Somewhere around this time, give or take a few years, MySQL was born. And it had users, who had to be kept away from seeing others’ data, but allowed to use their own. This called for authentication.

Michael Widenius (or Monty) apparently was aware that some users are paranoid about security. The proof can be found even in early MySQL versions:

/* Paranoid settings. Define I_AM_PARANOID if you are paranoid */
#ifdef I_AM_PARANOID
#define DONT_ALLOW_USER_CHANGE 1
#define DONT_USE_MYSQL_PWD 1
#endif

This is from the global.h of MySQL–3.21. It should come as no surprise that MySQL never sent passwords from the client to the server in clear text. It sent random bytes that were generated from hashes of passwords.

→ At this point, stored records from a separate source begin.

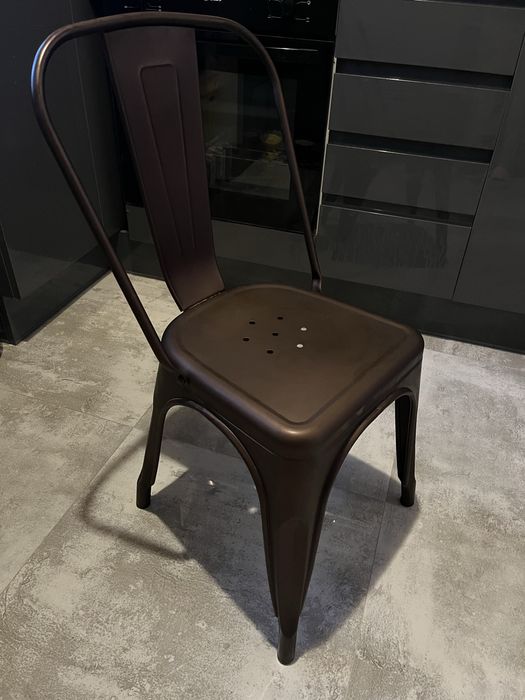 Krzesła metalowe miedziane 4 sztuki loft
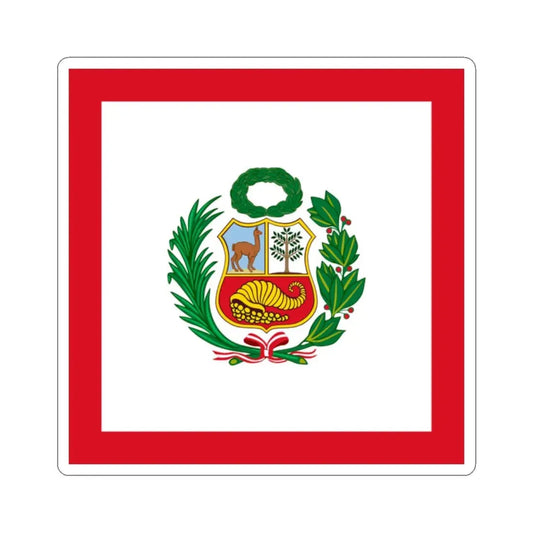 Naval Jack of Peru alternative version (Peru) STICKER Vinyl Kiss-Cut Decal 2 Inch White - The Sticker Space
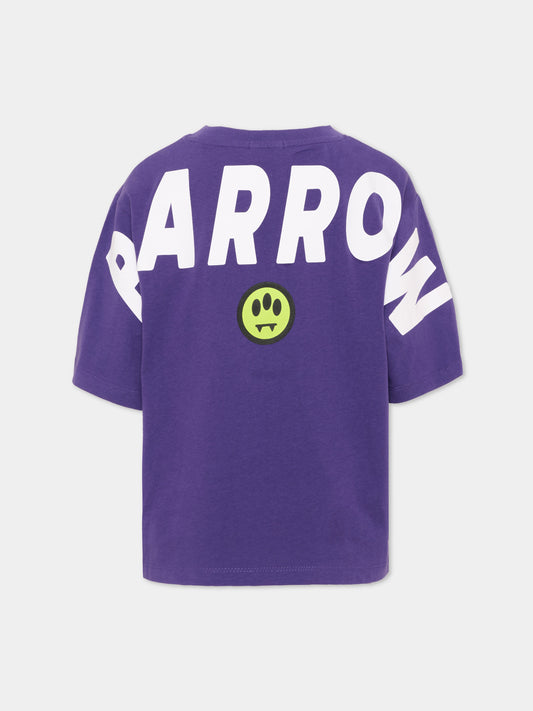 T-shirt viola per bambina con logo,Barrow,F6BKJUTH012 410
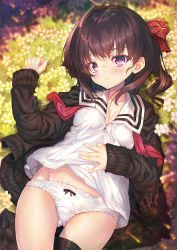 Rule 34 | 1girl, absurdres, black skirt, blush, bow, bow panties, breasts, brown hair, cameltoe, cardigan, cleavage, collarbone, commentary request, day, flower, gluteal fold, grass, hair between eyes, hair ribbon, highres, long sleeves, looking at viewer, lying, medium breasts, neckerchief, on back, open clothes, original, outdoors, panties, plaid, plaid ribbon, purple eyes, red neckerchief, red ribbon, ribbon, school uniform, shirt, short hair, side ponytail, skirt, skirt around one leg, sleeves past wrists, solo, tonchan, underwear, white panties, white shirt, zipper pull tab
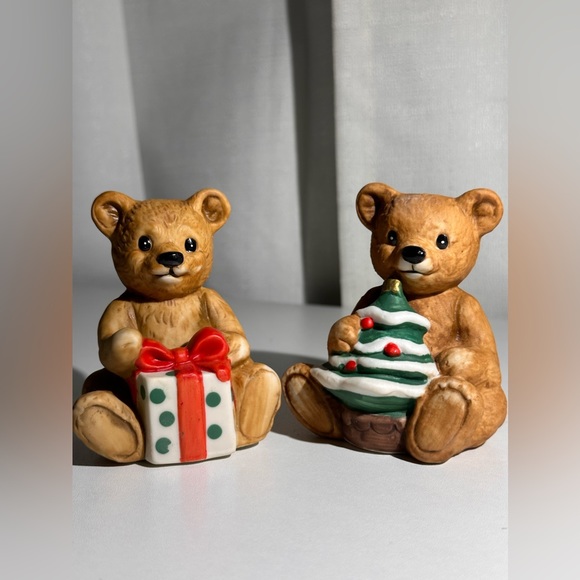 Vintage Homeco Christmas Teddy Bears Set of 2 - Picture 2 of 10
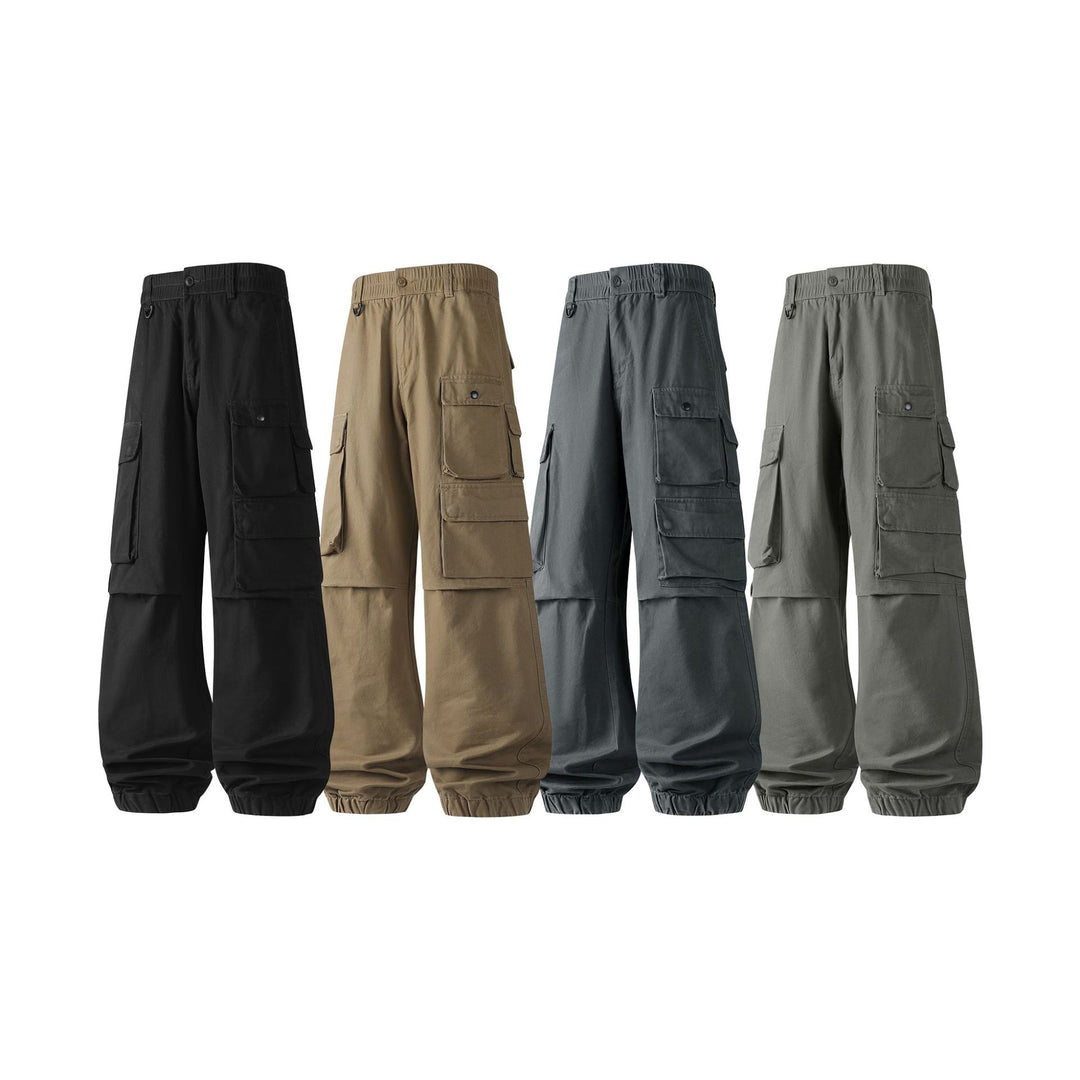 Herren Weite Convertible-Cargo-Hose im Tactical-Streetstyle mit Mehrfachklappentaschen und elastischem Knöchelabschluss Drune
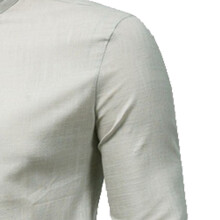 Herren Grau Slim Fit Hemd mit Stehkragen aus Baumwollmischung, Größe XXL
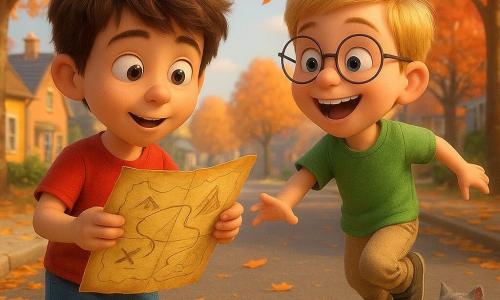 Hay 2 personajes principales: - Un niño llamado Bruno, de casi ocho años, con cabello castaño despeinado y ojos brillantes. Lleva una camiseta roja y un pantalón corto azul, y sostiene su gran hoja dorada con un dibujo de mapa. Está a la izquierda de la imagen, mirando la hoja con curiosidad. - Un niño llamado Leo, también de casi ocho años, con cabello rubio y gafas redondas. Lleva una camiseta verde y un pantalón beige, y está saltando alegremente sobre una línea de la calzada. Está a la derecha de la imagen, sonriendo y observando a Bruno. El lugar es una calle de barrio tranquila y pintoresca, bordeada de árboles con hojas doradas y rojas de otoño. Las casas al fondo son coloridas y acogedoras, con chimeneas humeantes. La acera está salpicada de hojas caídas, y un gato de pelaje gris y cola esponjosa, con una pequeña bufanda azul, pasea tranquilamente. La situación principal muestra a los dos niños descubriendo la hoja dorada con un dibujo misterioso, simbolizando un mapa del tesoro. El viento sopla ligeramente, haciendo revolotear algunas hojas a su alrededor, y el gato los observa con curiosidad. La atmósfera está llena de magia y emoción, capturando el espíritu de una aventura que comienza.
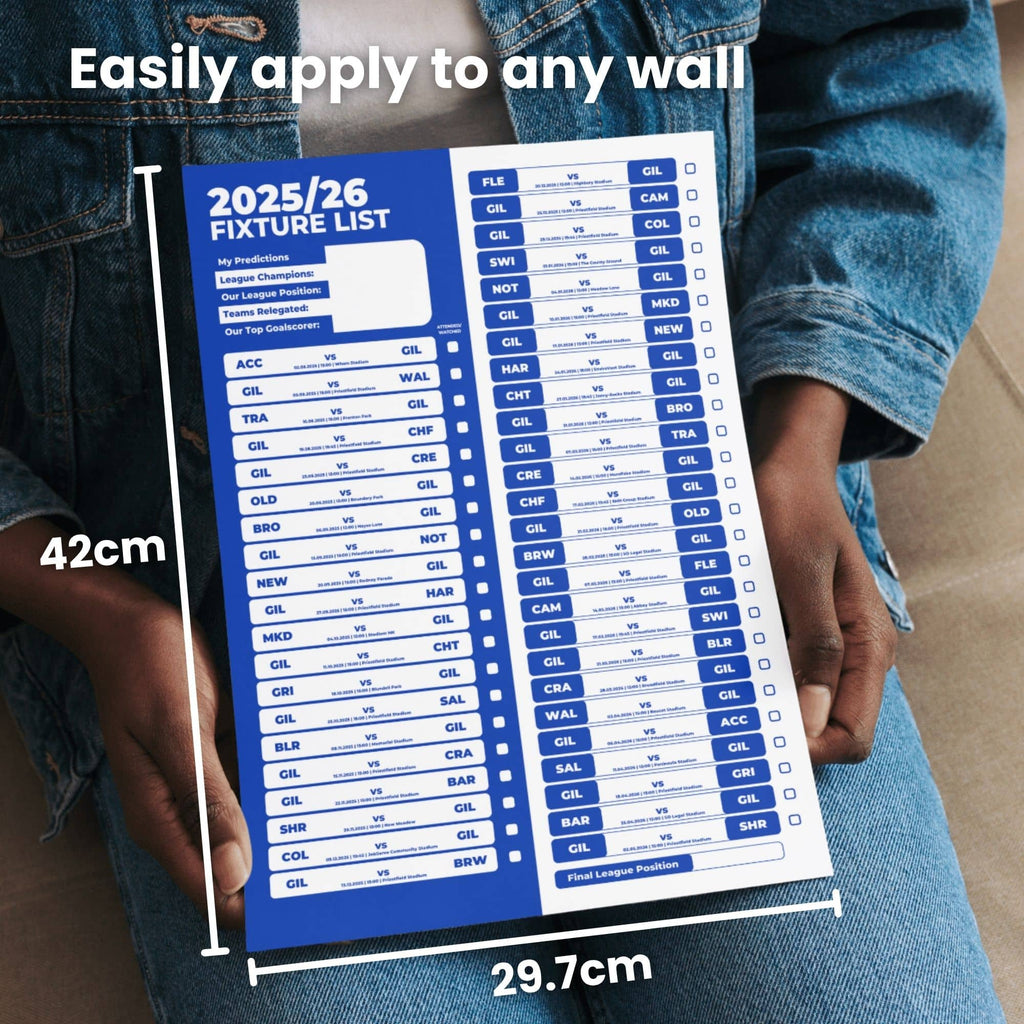 League 2 Clubs - 2025/26 Football Fixture Poster - A3 Size (29.7x42cm)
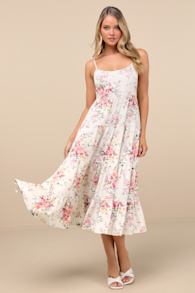 Mykonos Mood Pink and Ivory Floral Tie-Strap Tiered Midi Dress 1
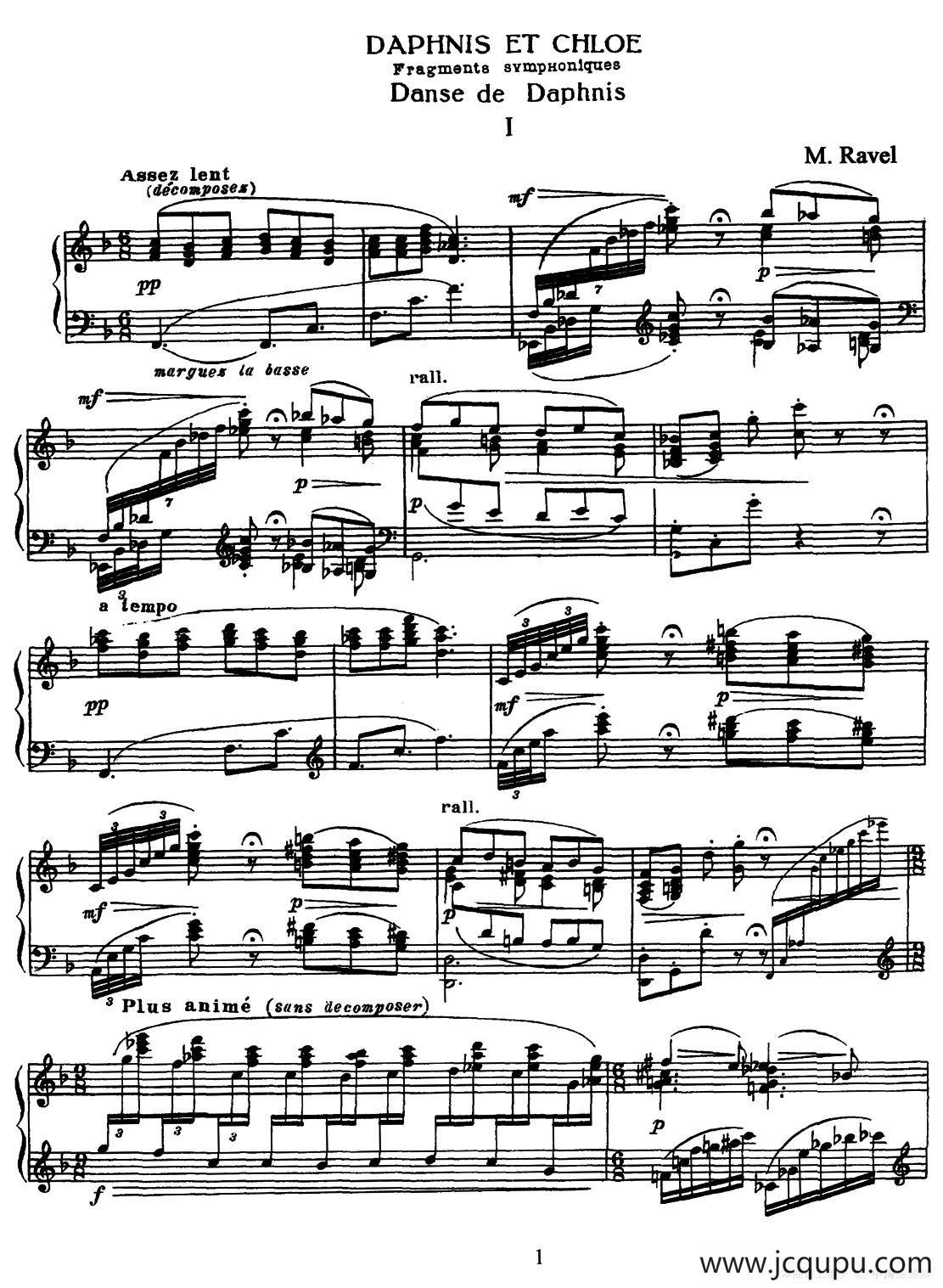 Daphnis et Chloe（达夫尼斯与赫洛亚）（Ⅰ）简谱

Technically, the first MySQL authentication protocol (as in MySQL–3.20, 1996) worked as follows:

  • Server has stored the password hash in the mysql.user table. The hash function was rather simple, though:
    for (; *password ; password++)
    {
      tmp1 = *password;
      hash ^= (((hash & 63) + tmp2) * tmp1) + (hash << 8);
      tmp2 += tmp1;
    }
    

    Note, that the hash value was only 32 bits!

  • During the authentication, the server started the handshake with a string of 8 random letters (called scramble).
  • The client calculated the hash (as above) of this scramble, and the hash of the password. XOR of these two numbers produced one 32-bit seed that was used to initialize a pseudo-random number generator. That generator generated “random” 8 bytes and they were sent to the server.
  • The server, basically, repeated the same — it knew the scramble, it had the hash of a password from the mysql.user table. So it also initialized a random number generator, generated 8 bytes, and compared them with what the client had sent.

This wasn’t a bad protocol. It had obvious strengths, for example, the password was never sent in clear. And was never stored in clear either. But, seriously, 32-bit? That wasn’t enough even in 1996. Which is why the next major MySQL release — 3.21 — used 64-bit hashes. Otherwise the protocol stayed the same. And it is still present (although not the default) in MySQL–5.6 and MariaDB–10.2. Luckily, it was removed from MySQL–5.7. I really hope nobody uses it nowadays.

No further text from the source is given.